- _Problem to work on_
Pictures aside, quote the whole listing exactly.

- _Given information_
----------------------------------------

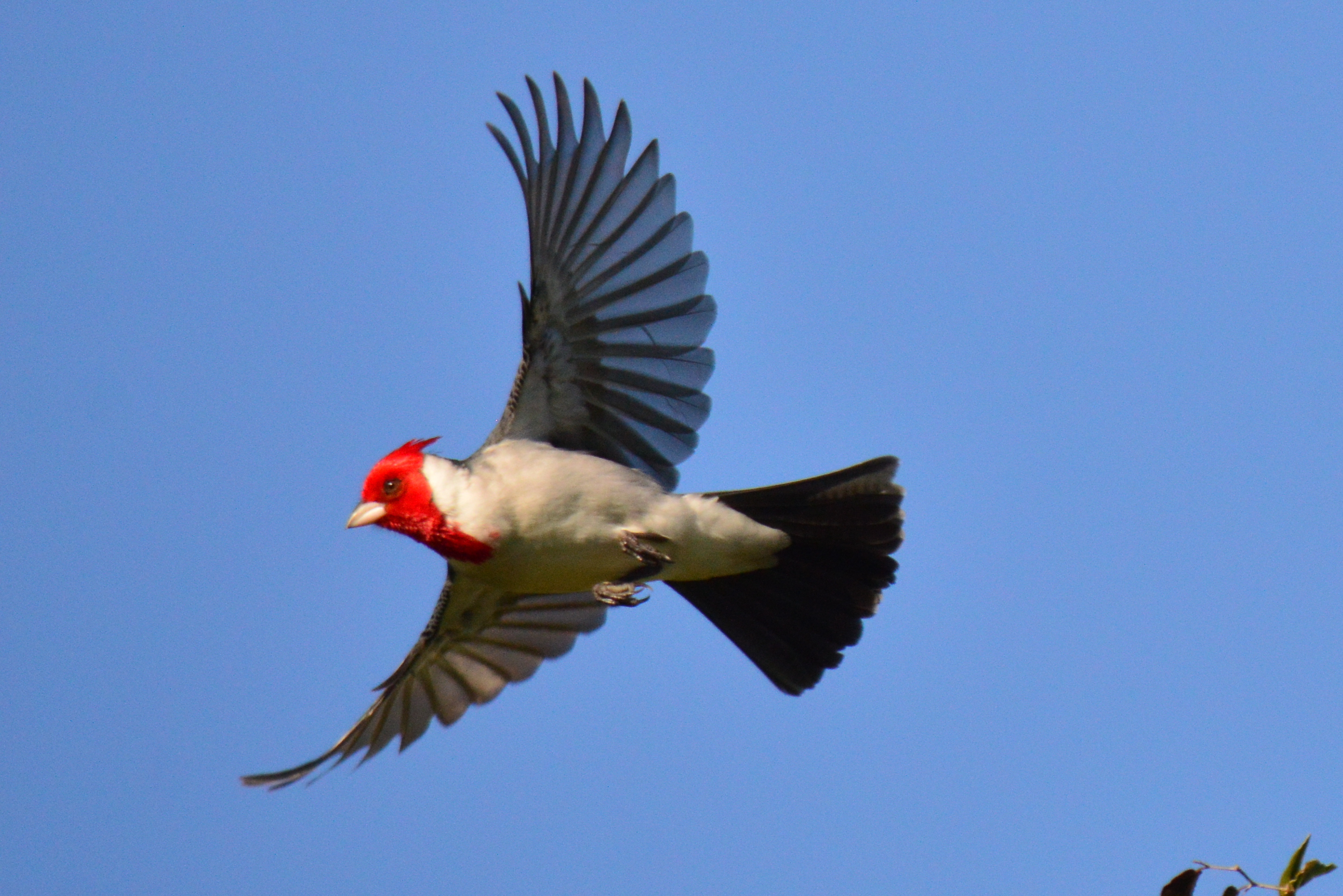 Se trata de una propuesta orientada a descubrir parte de la fauna que habita alrededores del río Uruguay. 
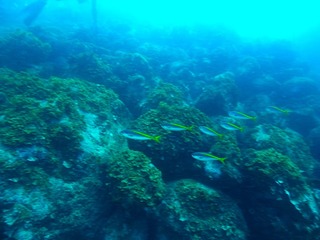 タカベ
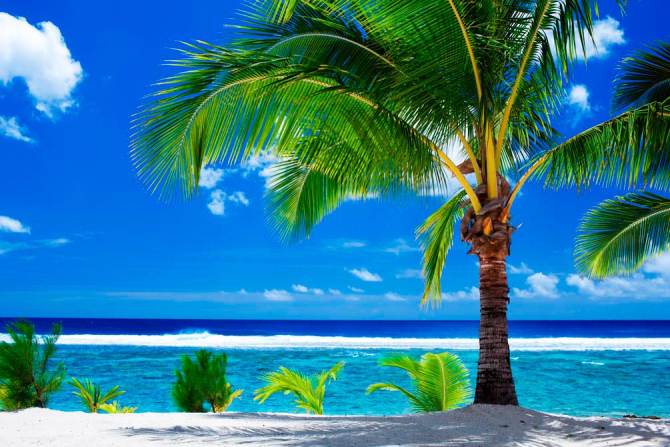 Фотошпалери Розлога пальма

----------------------------------------

- _Answer space_
 Se trata de una propuesta orientada a descubrir parte de la fauna que habita alrededores del río Uruguay. 
 タカベ
 Фотошпалери Розлога пальма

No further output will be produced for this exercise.